__Assigned task__: Only text is carried over. Reproduce the entries below exactly.
── Excerpted records ──
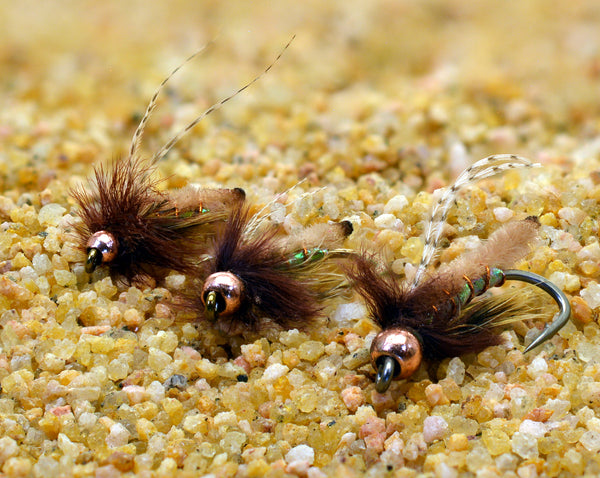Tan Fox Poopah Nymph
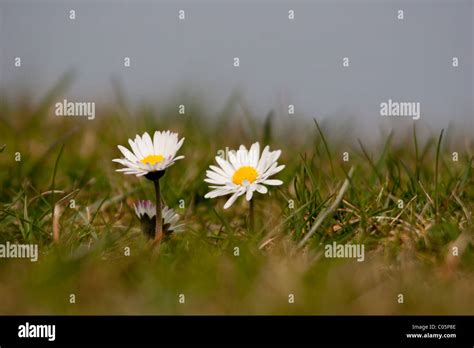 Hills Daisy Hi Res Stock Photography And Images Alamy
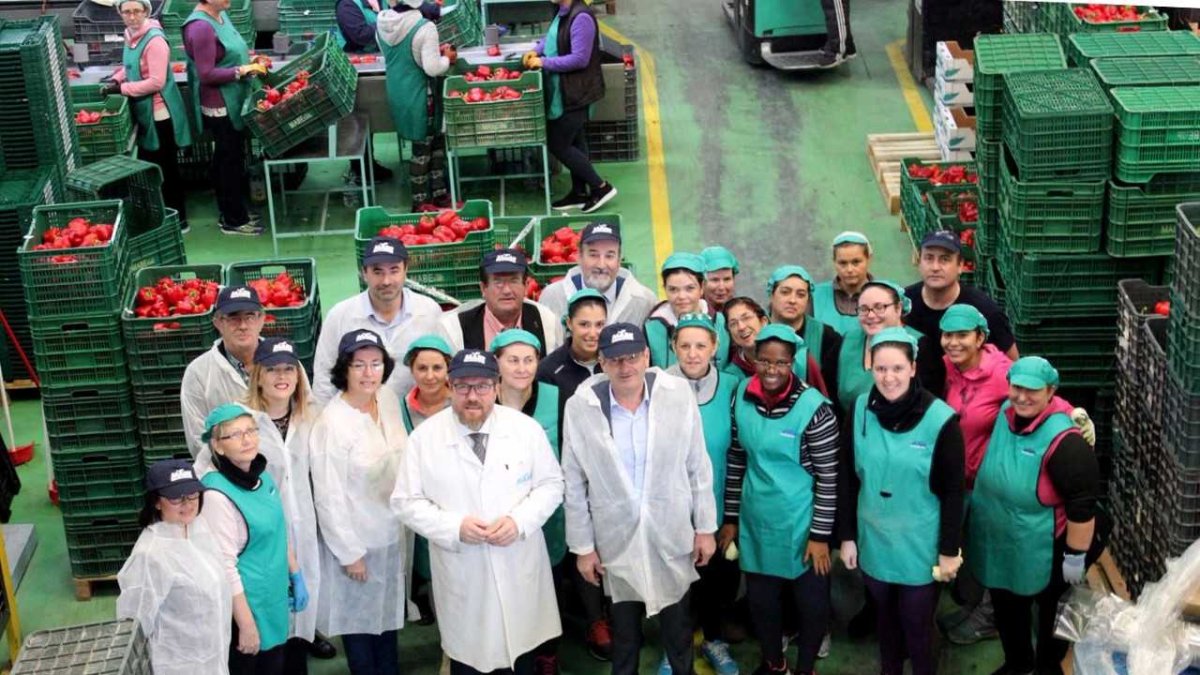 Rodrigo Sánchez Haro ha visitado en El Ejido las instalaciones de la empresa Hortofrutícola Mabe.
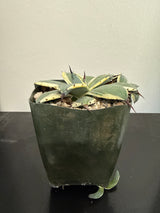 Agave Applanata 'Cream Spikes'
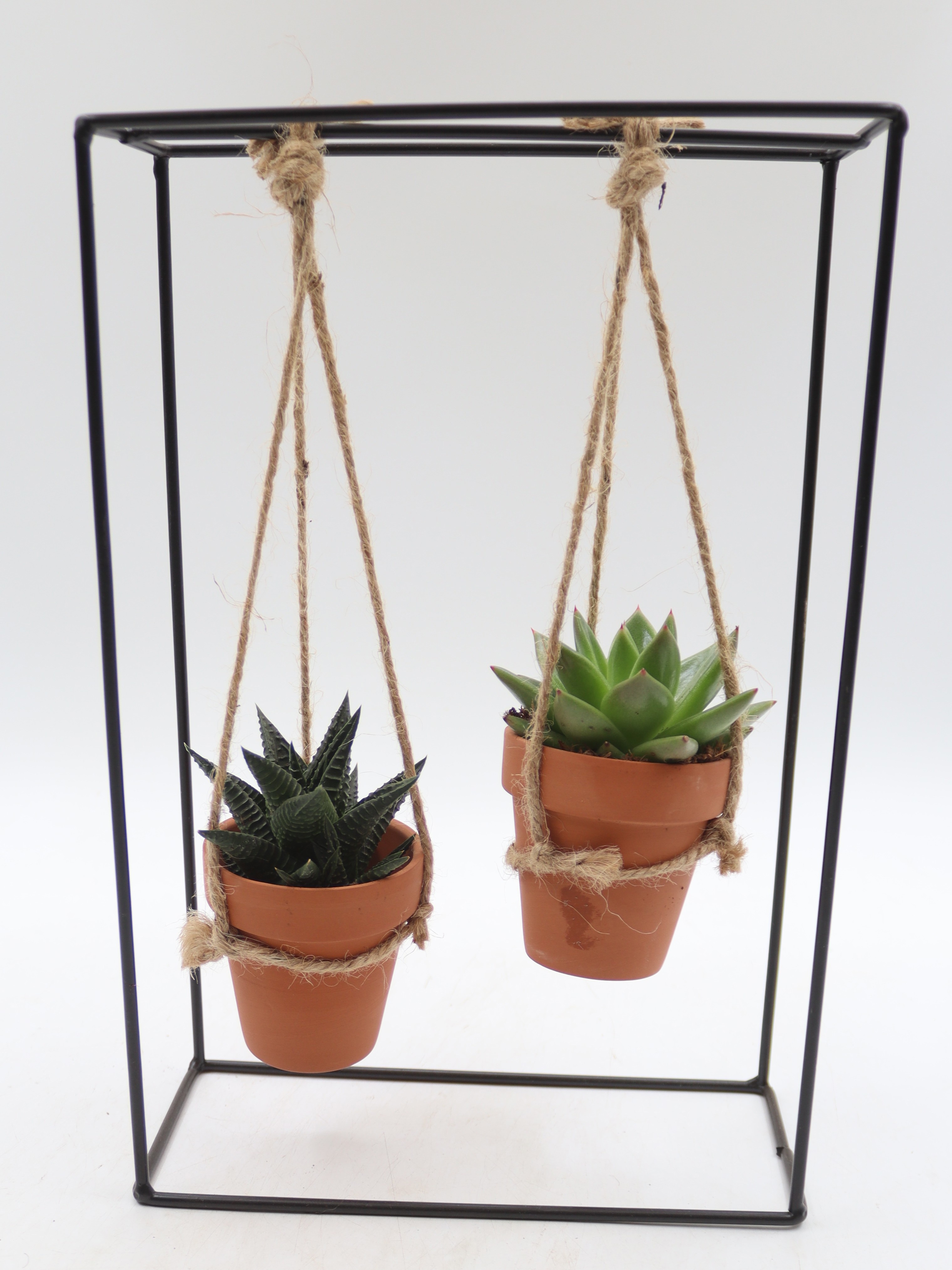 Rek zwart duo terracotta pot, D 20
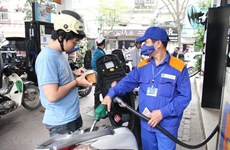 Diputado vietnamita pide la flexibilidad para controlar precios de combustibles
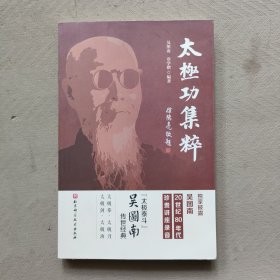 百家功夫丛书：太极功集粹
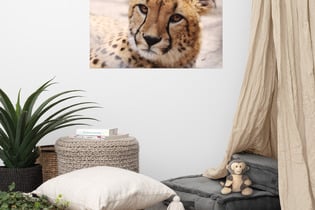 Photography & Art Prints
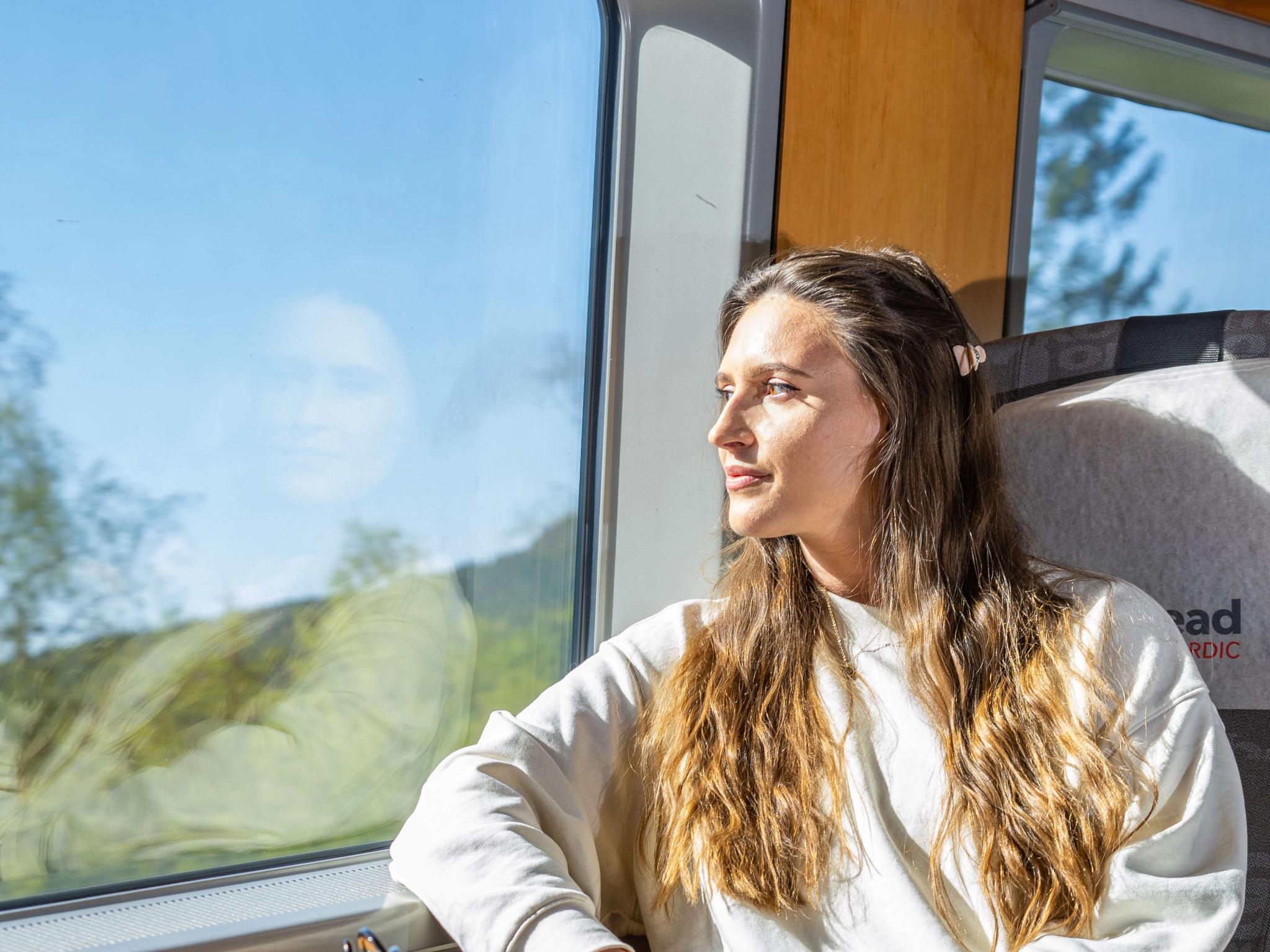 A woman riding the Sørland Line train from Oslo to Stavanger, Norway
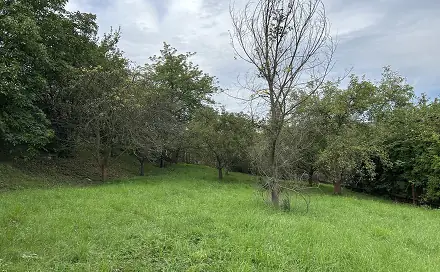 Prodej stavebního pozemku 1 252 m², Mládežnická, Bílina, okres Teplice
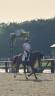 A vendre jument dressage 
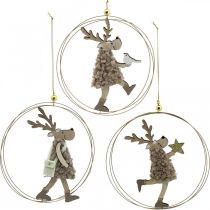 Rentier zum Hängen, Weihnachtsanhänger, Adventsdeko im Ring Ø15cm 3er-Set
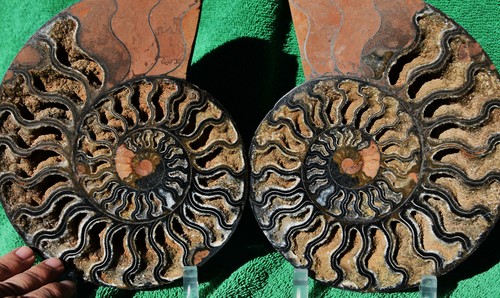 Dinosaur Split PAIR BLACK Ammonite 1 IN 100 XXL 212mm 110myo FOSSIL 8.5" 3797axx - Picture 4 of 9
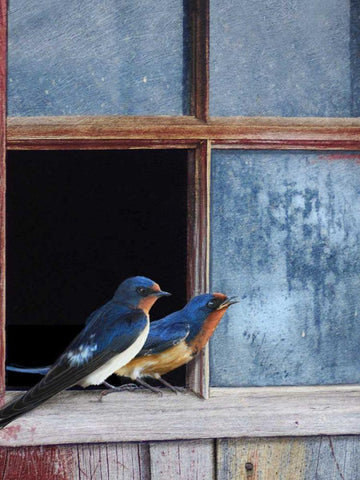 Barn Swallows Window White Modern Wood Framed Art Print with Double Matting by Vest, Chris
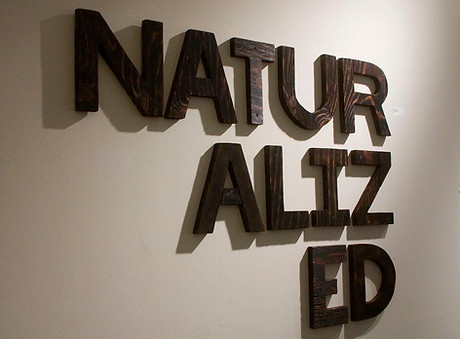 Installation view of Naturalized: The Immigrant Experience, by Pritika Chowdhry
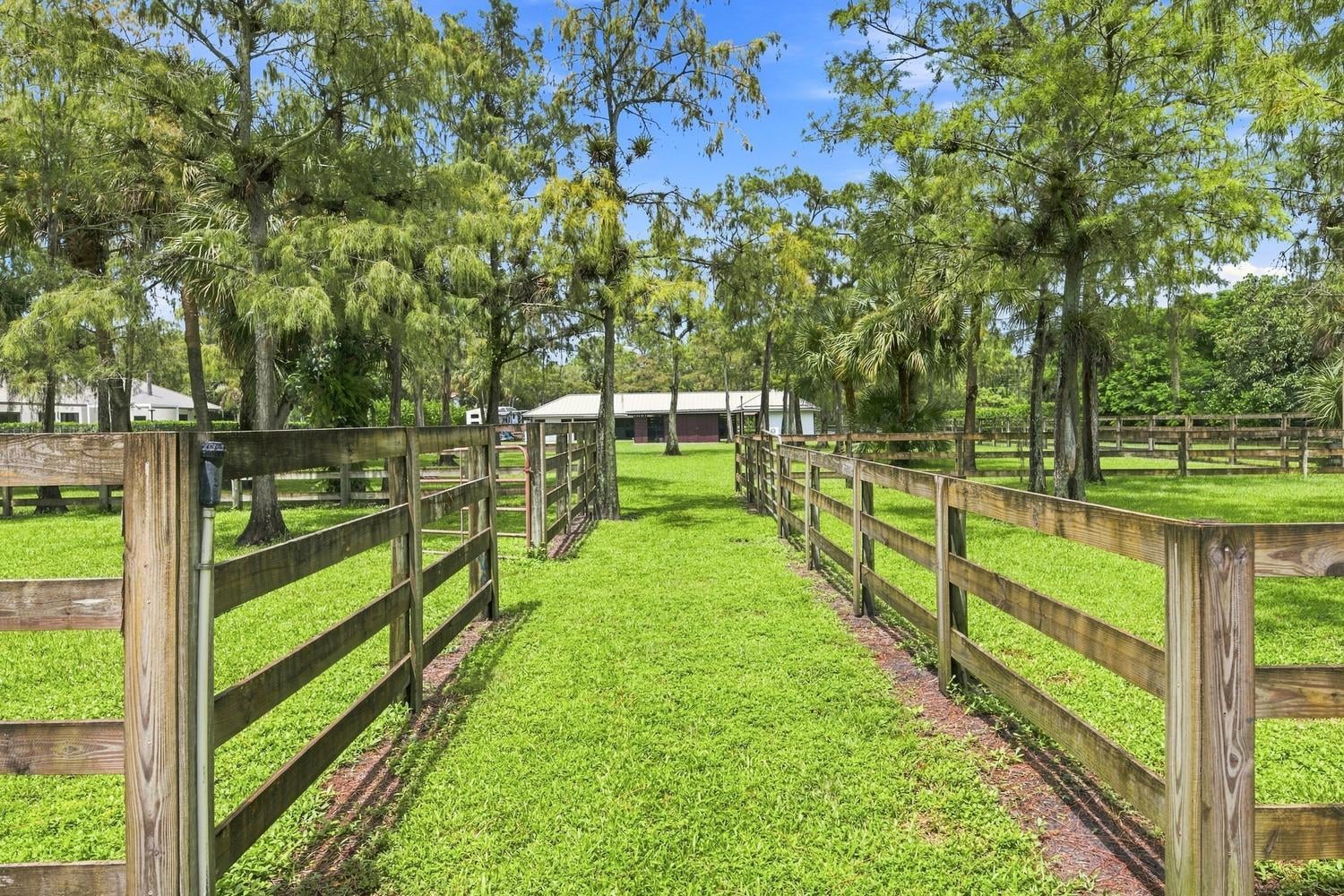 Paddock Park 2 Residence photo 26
───
__Response for this exercise__:
Tan Fox Poopah Nymph
 Hills Daisy Hi Res Stock Photography And Images Alamy
 Rodrigo Sánchez Haro ha visitado en El Ejido las instalaciones de la empresa Hortofrutícola Mabe.
 Agave Applanata 'Cream Spikes'
 Rek zwart duo terracotta pot, D 20
 Diputado vietnamita pide la flexibilidad para controlar precios de combustibles
 百家功夫丛书：太极功集粹
 Photography & Art Prints
 A woman riding the Sørland Line train from Oslo to Stavanger, Norway
 Prodej stavebního pozemku 1 252 m², Mládežnická, Bílina, okres Teplice
 A vendre jument dressage 
 Rentier zum Hängen, Weihnachtsanhänger, Adventsdeko im Ring Ø15cm 3er-Set
 Dinosaur Split PAIR BLACK Ammonite 1 IN 100 XXL 212mm 110myo FOSSIL 8.5" 3797axx - Picture 4 of 9
 Barn Swallows Window White Modern Wood Framed Art Print with Double Matting by Vest, Chris
 Installation view of Naturalized: The Immigrant Experience, by Pritika Chowdhry
 Paddock Park 2 Residence photo 26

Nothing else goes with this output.